Mas qual é o problema? O dióxido de carbono é o principal gás de efeito estufa. Isso significa que a presença dele na atmosfera faz com que uma maior quantidade de calor seja retida, assim aumentando a temperatura terrestre - ou seja, causa o aquecimento global. 

Além disso, o CO2 é responsável por vários outros problemas ambientais e sociais. Bermann diz que “no contexto global, as principais consequências são as mudanças climáticas, com eventos extremos cada vez frequentes e intensos; e a debilitação da saúde pública, devido à exposição a polientes atmosféricos como os óxidos de enxofre, de nitrogênio, monóxido de carbono, material particulado, fumaça, muitos destes poluentes são  carcinogênicos e que afetam o trato respiratório da população a eles exposta, principalmente nos grandes centros urbanos”.  

 

Entenda um pouco mais sobre a dependência de combustíveis fósseis:

https://www.youtube.com/watch?v=ZPmEbfGlJl0&t=96s

 

O que você pode fazer? 

É importante entender que os maiores responsáveis pelos danos ambientais no mundo são os mais ricos e que as atividades que mais poluem são as industriais, como as petrolíferas, têxtil etc. No Brasil, o agronegócio é o setor que mais libera gases de efeito estufa (GEE), por utilizar recursos como desmatamento ilegal para realizar suas atividades. Além disso, mesmo que o preço da energia renovável esteja diminuindo, é muito difícil para o brasileiro fazer mudanças individuais. 
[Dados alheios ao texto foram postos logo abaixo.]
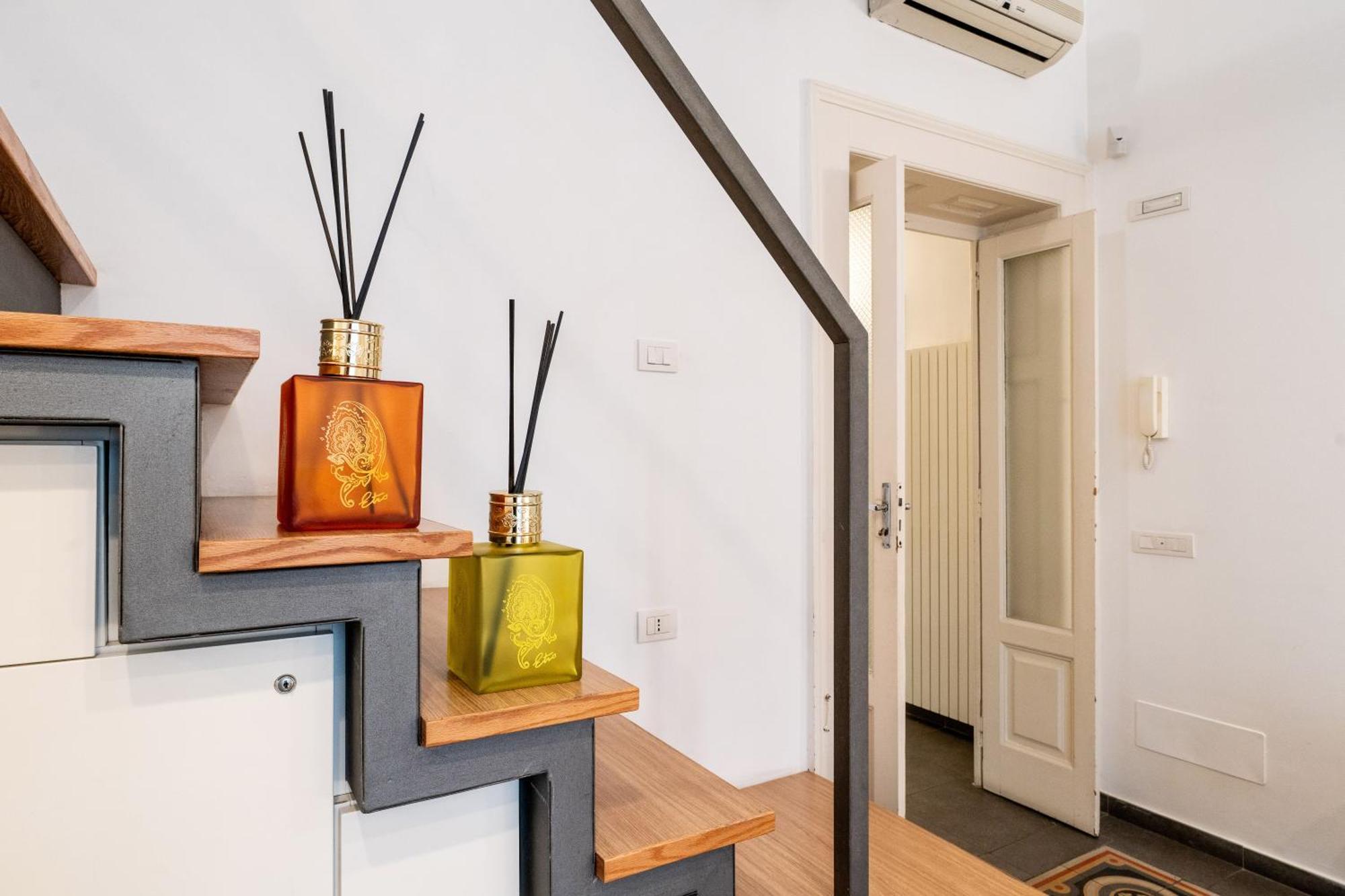 Bienvenue 2 Apartment Bari Exterior foto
Por exemplo, substituir um carro de combustível fóssil por um elétrico é uma ação pessoal, que diminuiria a liberação de dióxido de carbono, mas isso é inviável para muitos brasileiros, devido ao custo, além de ser quase insignificante.  

“É evidente que uma ação individual é insuficiente, apenas uma gota no oceano. O poder público pode e deve dar sua contribuição, com políticas públicas indutoras nessa direção. Entretanto, além do governo e da população, cabe às indústrias, comércio, serviços, transporte rodoviário, ferroviário, marítimo, aeroviário darem também sua contribuição, pois são os assim denominados “setores produtivos” os principais responsáveis pelos danos ambientais, que comprometem a existência de todos os seres vivos no nosso planeta”, afirma Bermann.

A população deve, portanto, cobrar das indústrias e do governo por um desenvolvimento mais sustentável. Mas é importante entender que é necessário também sempre realizar escolhas mais conscientes, dentro do possível da condição de cada um, como trocar o transporte privado pelo público, ou preferir moradias sustentáveis, com energias renováveis (como as casas containers). Entretanto, se não houver uma mudança daqueles que mais poluem, a ação individual não faz sentido.  

Esta reportagem foi produzida como atividade extensionista do curso de Jornalismo da PUC-SP.